I was born on the highest peak in Hong Kong. The city stretched below, its frenetic sounds muffled by hills, and clouds. It was too high to smell the stench from the harbour.
Back in 1994, on the year I turned 21, the island still belonged to the British. The Empire had struck again, and the country was full of ex pats (that’s white migrants to you and me). My father had moved back to Hong Kong in the 90’s after a divorce, but had kept in contact with various people from our first interlude there, in the early 70s. I was therefore lucky enough to have two Chinese godmothers who insisted on holding a 21st birthday banquet for me. The fact that I had been born in Hong Kong was a source of great pride ‘You are a daughter of the dragon, never forget’ they would whisper in my ears. I belonged to them. To Hong Kong. Whenever I passed through passport control, the abrupt staff would bark at me ‘Where is your Hong Kong ID card? You were born here, why don’t you have one?’ I never did get one, something I regret.
I was Gweilo, a foreigner, born of New Zealand parents with both British and New Zealand passports. The land where I was born was not mine to claim. Yet on my 21st birthday, I stood in my cheongsam, carefully made and fitted to my body on the request of my godmothers. The female tailors had chuckled as they measured the dress against my body a week earlier “We need more material for the bust area, and the hips! Her body has curves. We have not made a dress for a Gweilo before”

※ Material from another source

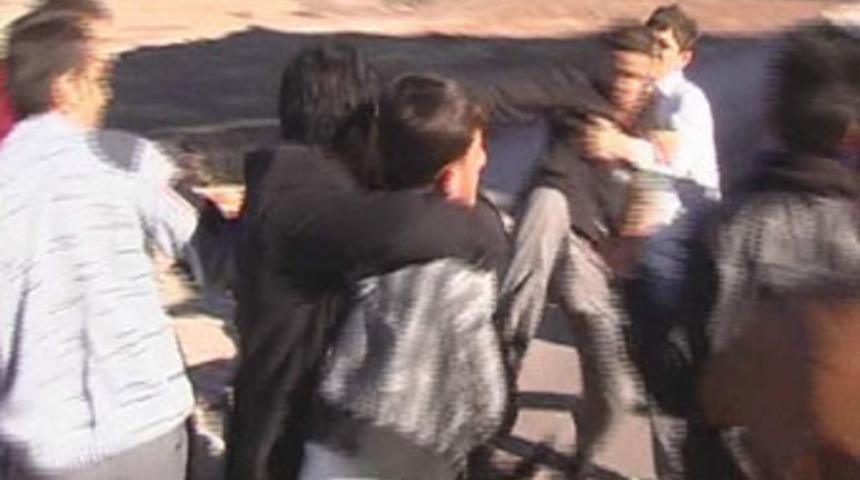 Liselilerin kız savaşı!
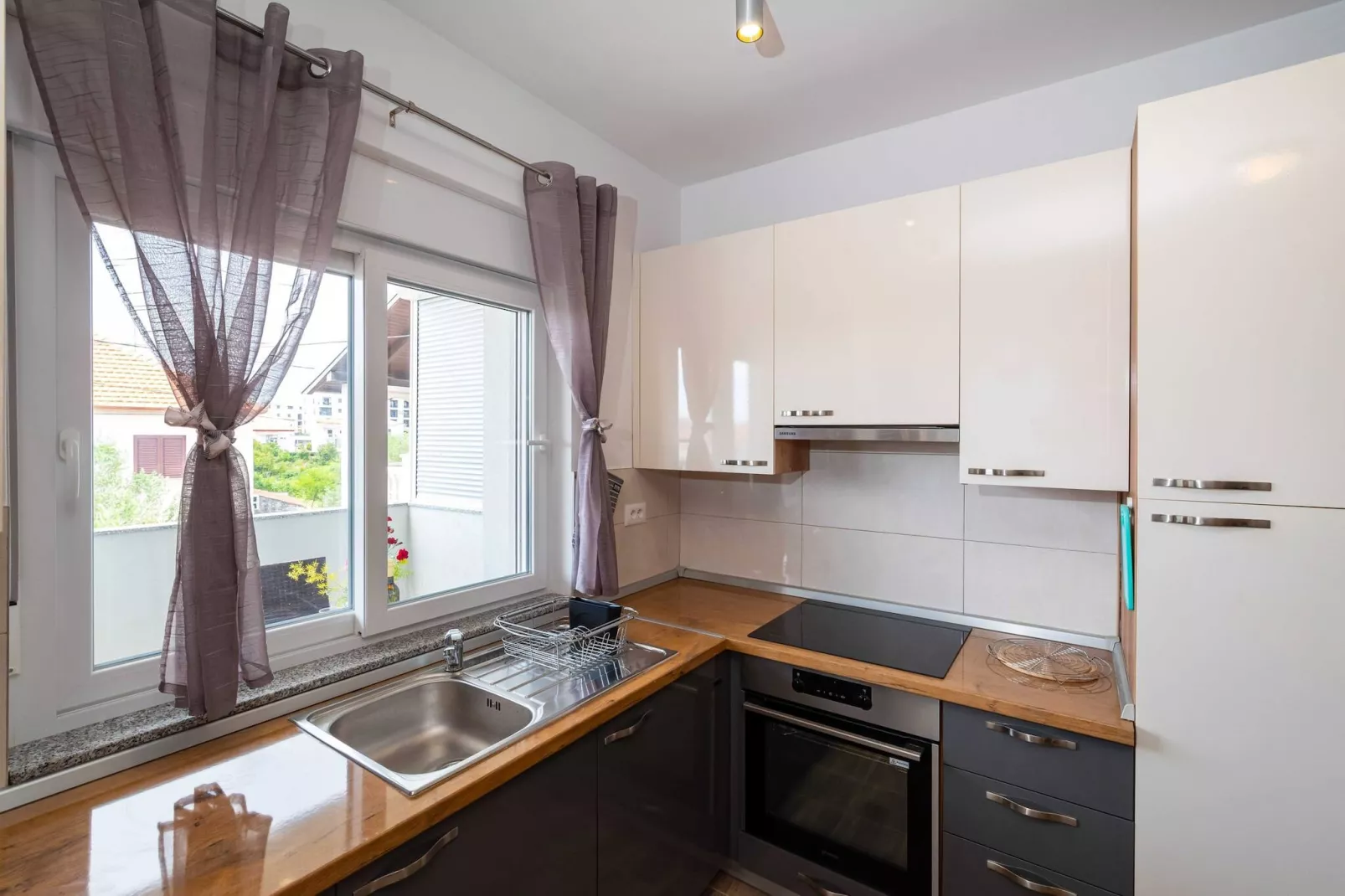 Apartment Blagdan 2-Keuken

On the evening of the birthday banquet, longevity buns, filled with sweet, sticky lotus seed, red dyed at the tip, with a crease along the side to resemble a peach, filled the enormous table. They were fed to me for the a lucky ‘long life, a good husband, and many children. ’ My stomach expanded with each mouthful, making the dress impossible to sit down in. And how could I explain to these people, my extended family, that perhaps I wanted neither a husband or children? That I fully intended to look after myself and a man would be the icing on the cake of my life, but never the cake itself? My Western upbringing defined how I saw my womanhood, and how I lived my life everyday. The love for me on my 21st birthday was palpable, but as I stood there swathed in Chinese silk, I felt like a fraud.
When I was going through a somewhat Goth-like period and my hair was a very dark brown, on visits to Hong Kong, I would often be asked if I was mixed race. As the word Gweilo fell from my lips, the disappointment on people’s faces was tangible. After all, who would want to be a ‘foreign white devil’ when you could be Hong Kong Chinese? And I agreed with them. My connection and love of Hong Kong and Chinese culture runs deep, and after the death of my mother in 1983, my godmothers tried to help fill a void. They did it out of duty, but also love.
Family is not always found in blood, family can be chosen. Throughout my life and my many travels, and with my blood family living thousands of miles away, I have found comfort from the women who have mothered me in my own mother’s absence. Losing the person that carried you in their body is inexplicable, but I am so grateful to the women who have stepped up over the years, given me love, warmth, comfort and advice. Most importantly, they made me feel less alone in the world. My Chinese godmothers were there when others were not, with advice, care: a maternal presence when I most deeply needed it, as a young woman.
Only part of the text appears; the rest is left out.